Ay, yo me voy a Pinar del Río (III)
En pleno centro de la ciudad de Pinar del Río, cerca de la terminal de ómnibus, se hallaba —o aún se halla, no sé— una cafetería especializada en recetas con huevo, cuyo plato estrella daba nombre al lugar: «La casa de la tortilla».
No recuerdo mesas en aquel sitio. Solo una barra o mostrador con banquetas adosadas. Innumerables veces apacigüé el estómago allí mientras aguardaba la salida de una guagua hacia la capital del país. Usualmente, el plato seleccionado en la carta se servía acompañado de pan y algún refresco o jugo de frutas, pero la crisis económica que estremeció Cuba en los años 90 del pasado siglo, hizo cada vez más exiguas las guarniciones hasta desaparecerlas por completo. Igual sucedió con la variedad del menú.
A duras penas, sobrevivió la tortilla al plato: de un solitario huevo y sal.
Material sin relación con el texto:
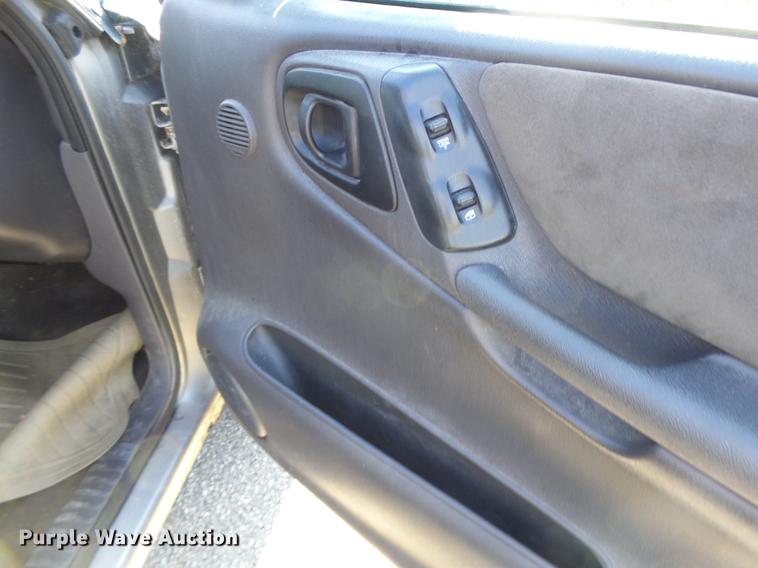 image for item DB9937 1999 Dodge Durango SUV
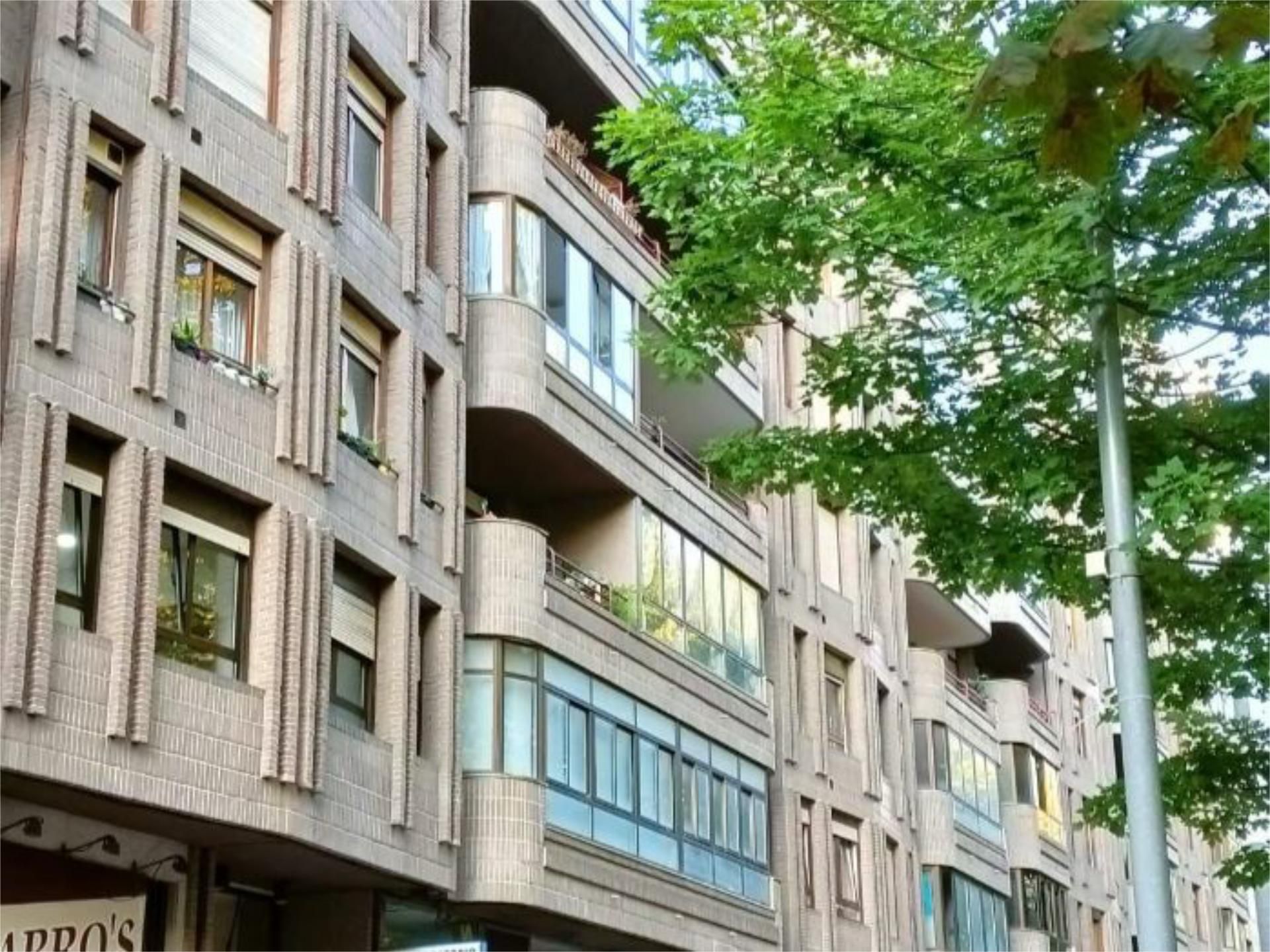 Vista exterior de Pis de lloguer en Santander amb Moblat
En una de tantas visitas a esa cafetería, durante lo más crudo del «período especial», se sentó a mi lado un señor algo mayor que yo —éramos los únicos clientes en ese momento—, cargado con una mochila amplia de tela verde olivo gastada por el tiempo y el uso. Tras responder su saludo, volví a mi ensimismamiento. El cansancio, la espera y el reclamo insistente de los jugos gástricos, me tenían de mal humor.
Llevaba horas en la terminal de ómnibus intentando regresar a casa, pero había muy pocas guaguas y demasiada gente. Justo antes de la medianoche, el último ómnibus de esa jornada saldría con destino a La Habana por la carretera central —incluida escala en Artemisa—: más de cuatro horas de viaje, el doble del tiempo usual por la autopista.
Yo deseaba con toda mi alma un asiento en aquella guagua —o un sitio de pie, daba igual—. Y, saborear una tortilla antes, claro. Sin embargo, la incertidumbre y el pesimismo cuchicheaban a mi oído como Pepes Grillo siameses de mal agüero.
Una vez que la camarera nos hubo tomado la orden, el hombre de la mochila se empeñó en charlar conmigo. «Qué tipo más pesado», pensé. No quise ser grosero. Mantuve el contacto visual y, cada tanto, asentía apenas con la cabeza, mascullaba hastiado un «Sí», o respondía a sus carcajadas encogiendo los músculos faciales en un gesto sutil que hubiera envidiado La Mona Lisa.
Me pareció eterno el tiempo simulando que lo atendía. Tan poco caso le hice que, hasta hoy, no recuerdo sobre qué hablaba. Odié su intromisión, su increíble falta de tacto hacia alguien que, evidentemente, anhelaba estar solo.
Al fin, regresó la joven con nuestros platos: una escuálida tortilla para cada uno. Vi los cielos abiertos, finalizado el martirio. Le deseé buen provecho a mi inoportuno acompañante y, cuchillo y tenedor en mano, me dispuse a dar cuenta de la magra película de huevo. Aún no había llevado a la boca el trozo inicial de tortilla, cuando escuché la voz insistente del hombre, llamándome.
Incómodo, giré la cabeza hacia él. Y todo cambió en un instante. De su mochila, el señor extrajo una olorosa flauta de pan, la partió en dos y me tendió solícito una de las mitades, de cuyo extremo roto, crujiente, se desbordaba el migajón. Me sentí pequeñito, insignificante, ante aquella alma grande. Un vueltabajero de pura cepa.